• **Task objective**:
Starting with the line below that holds "STREET ONE Basic" and stopping after the line that holds "Bubblegummers Blanco Oelo", transcribe the lines exactly, leaving out all pictures.
(Provided data begins)
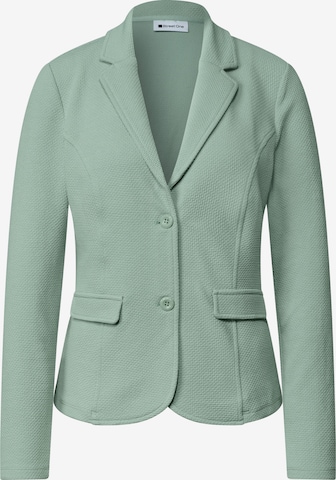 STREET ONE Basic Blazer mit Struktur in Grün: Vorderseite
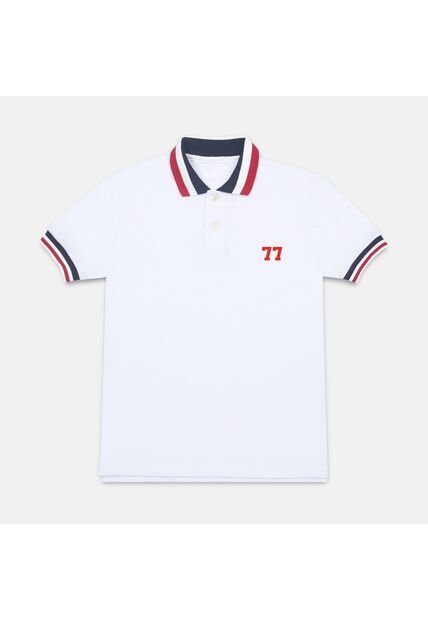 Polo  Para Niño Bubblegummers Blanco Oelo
(Provided data ends)
(Provided data begins)
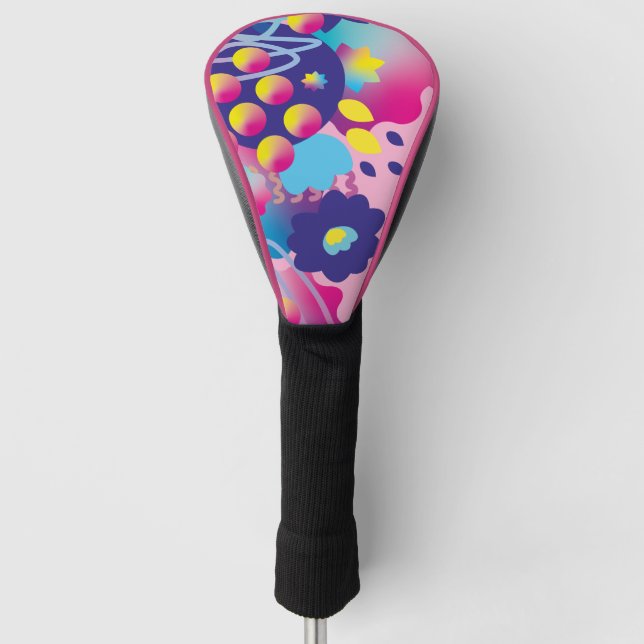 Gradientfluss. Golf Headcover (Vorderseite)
(Provided data ends)
• **Response**:
 STREET ONE Basic Blazer mit Struktur in Grün: Vorderseite
 Polo  Para Niño Bubblegummers Blanco Oelo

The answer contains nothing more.